DATASET CONTENT:
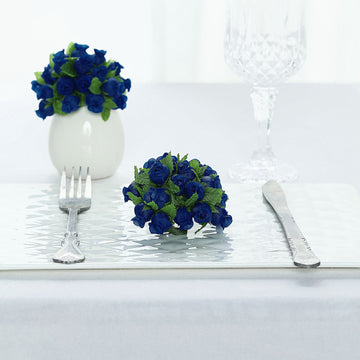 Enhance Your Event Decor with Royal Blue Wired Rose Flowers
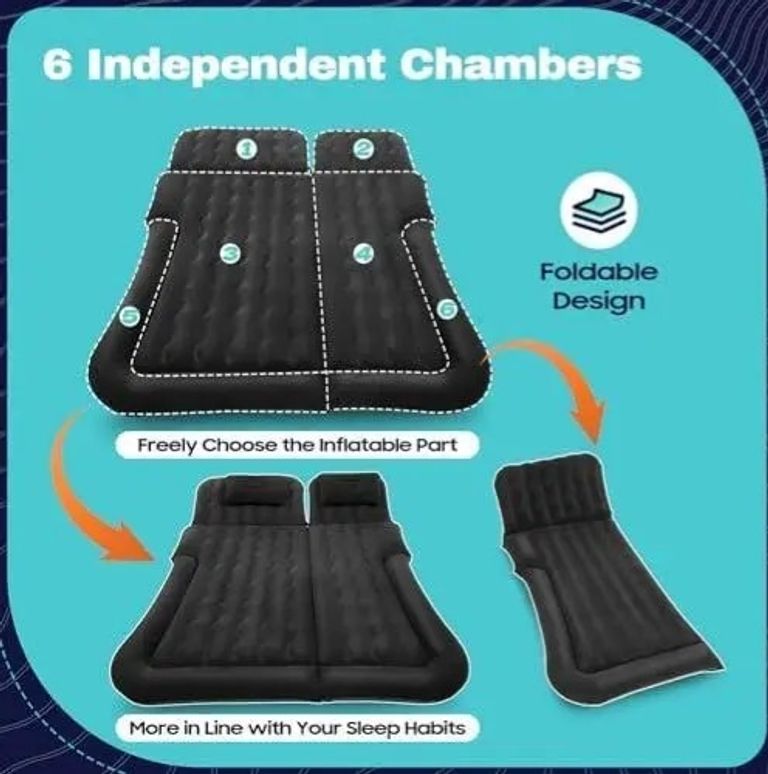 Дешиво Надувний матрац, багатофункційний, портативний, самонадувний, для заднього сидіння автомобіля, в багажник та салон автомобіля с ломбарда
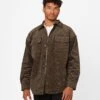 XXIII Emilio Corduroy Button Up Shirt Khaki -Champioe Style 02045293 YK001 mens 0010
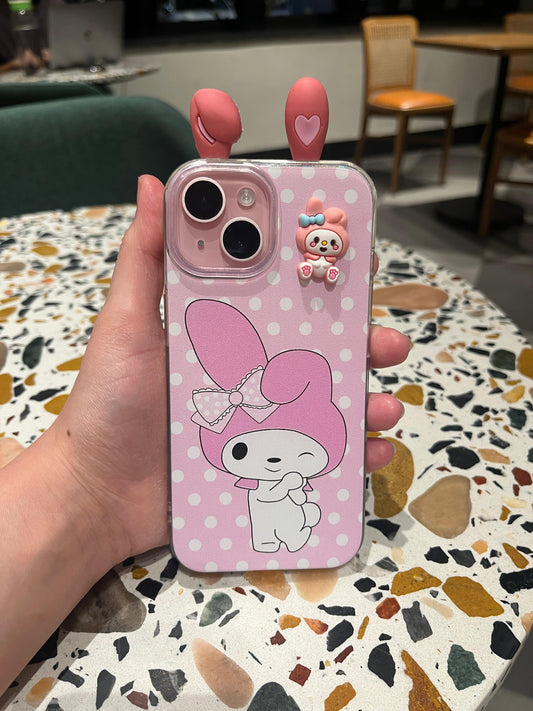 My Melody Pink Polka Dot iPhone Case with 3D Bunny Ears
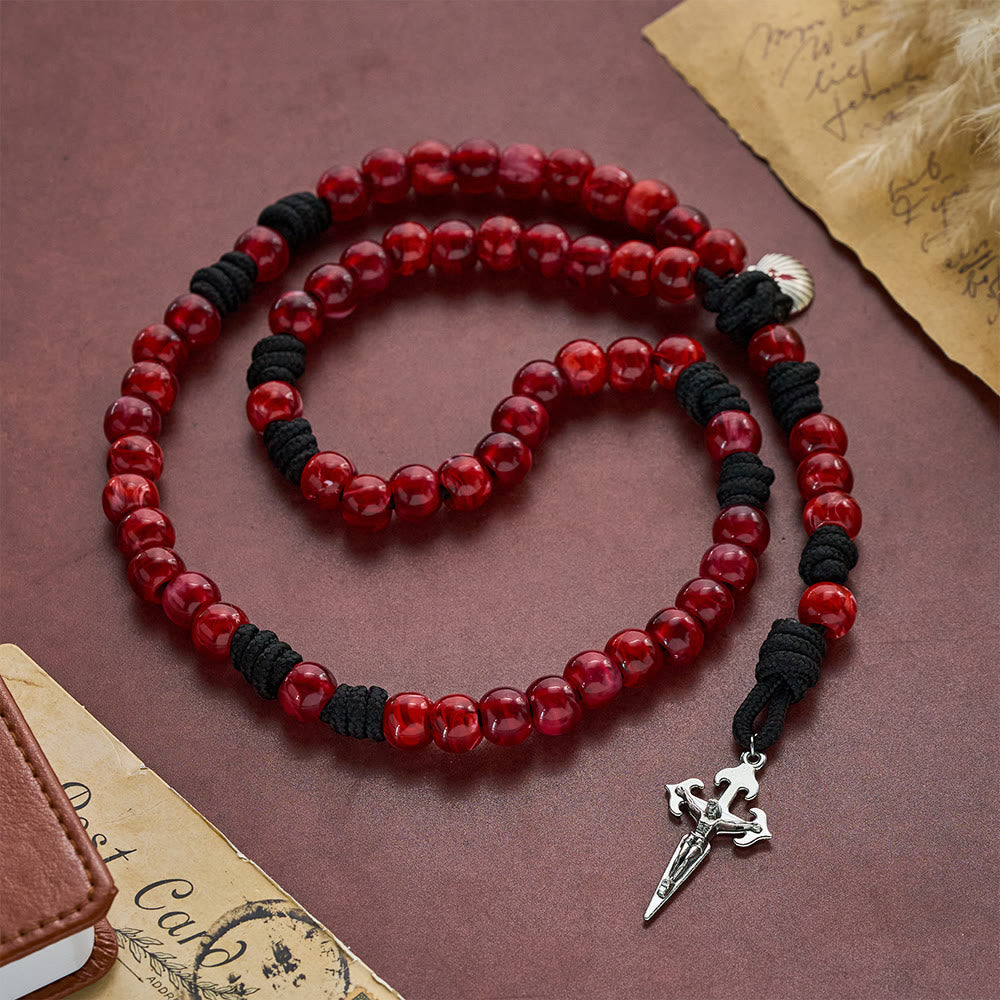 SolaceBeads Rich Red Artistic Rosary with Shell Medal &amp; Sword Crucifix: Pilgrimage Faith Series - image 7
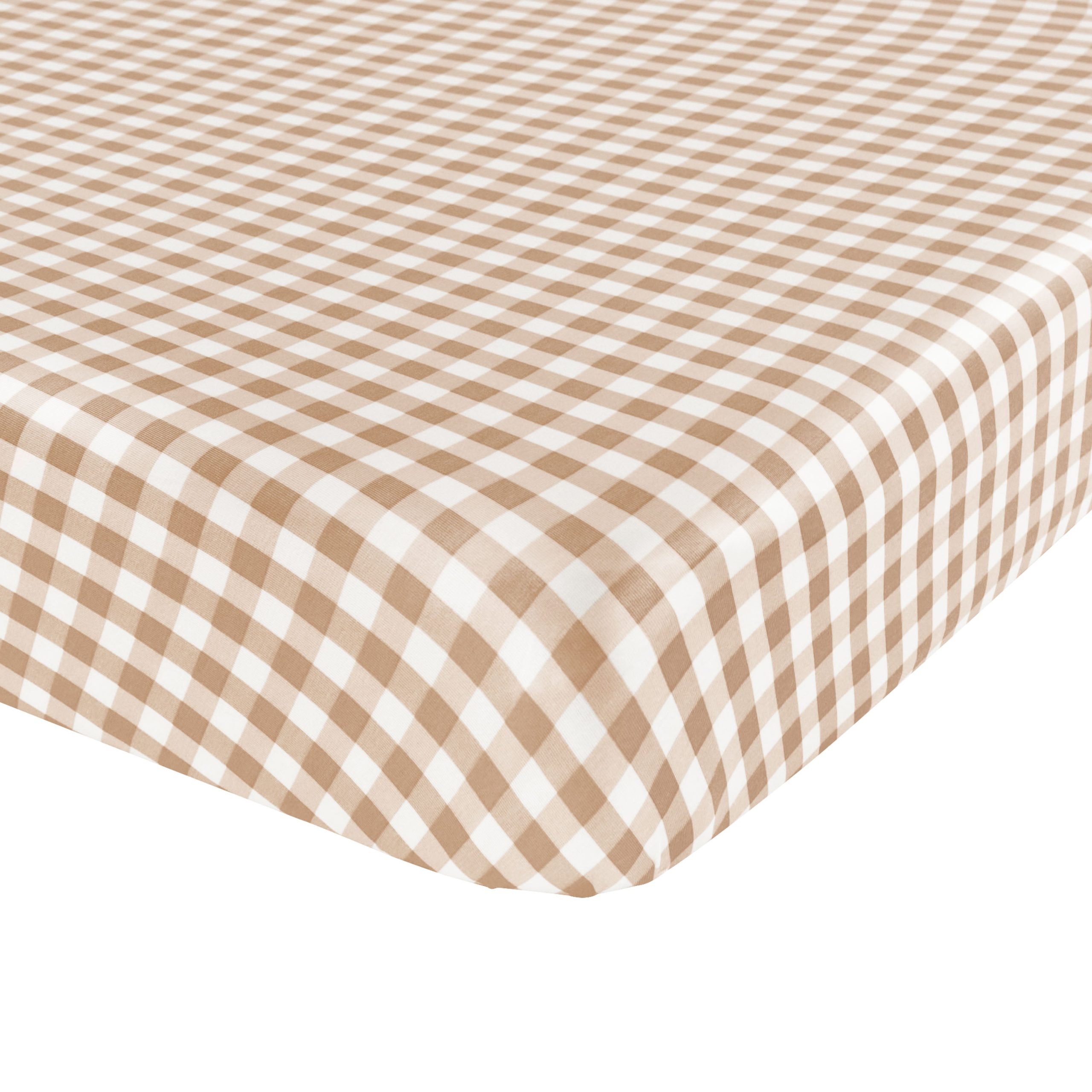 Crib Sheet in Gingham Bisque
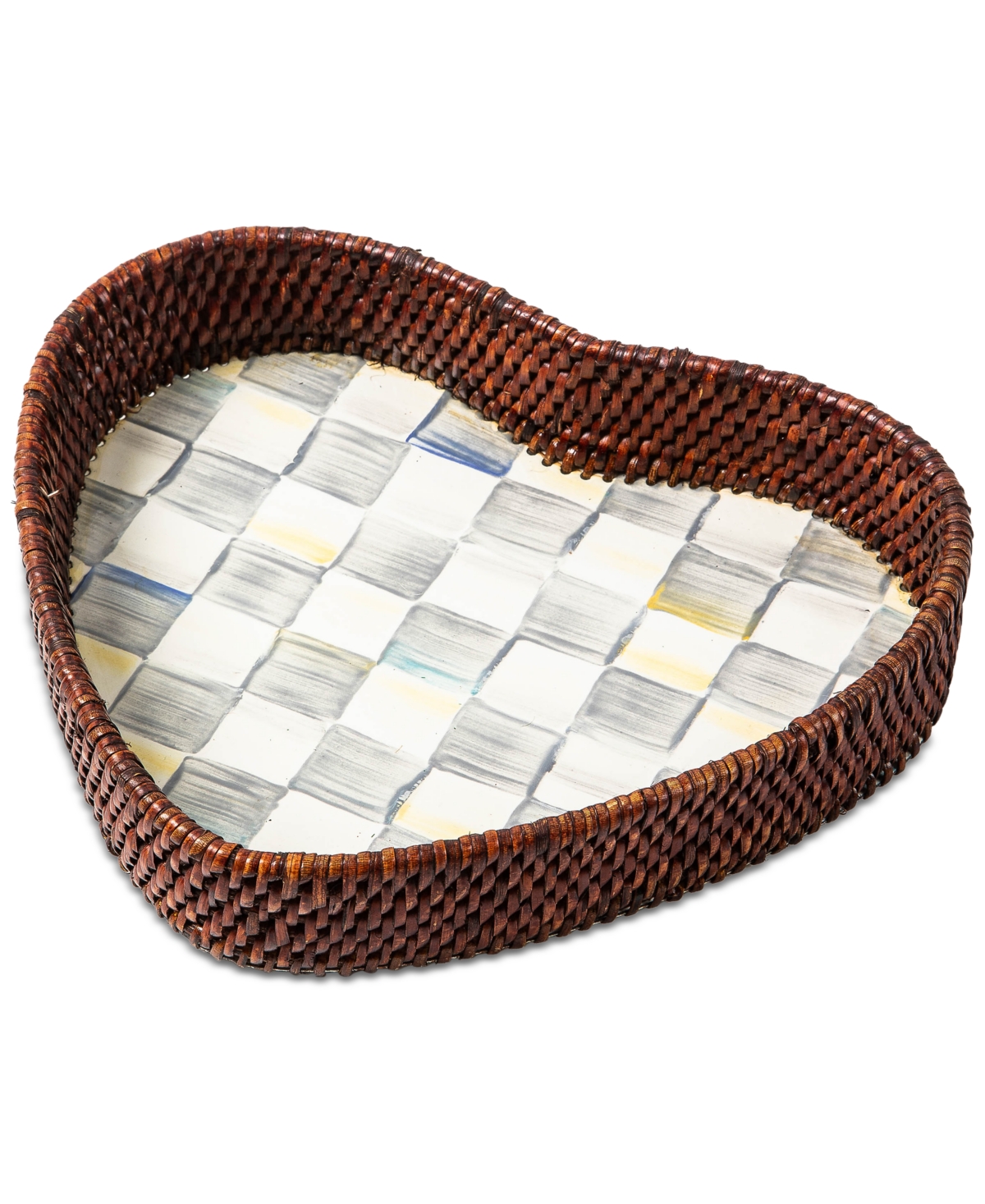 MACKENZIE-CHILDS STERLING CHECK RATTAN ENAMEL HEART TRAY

EXERCISE PROMPT:
Pictures aside, reproduce exactly the lines from the one containing "SolaceBeads Rich Red" to the end of the listing above, both ends included.

EXERCISE RESULT:
 SolaceBeads Rich Red Artistic Rosary with Shell Medal &amp; Sword Crucifix: Pilgrimage Faith Series - image 7
 Crib Sheet in Gingham Bisque
 MACKENZIE-CHILDS STERLING CHECK RATTAN ENAMEL HEART TRAY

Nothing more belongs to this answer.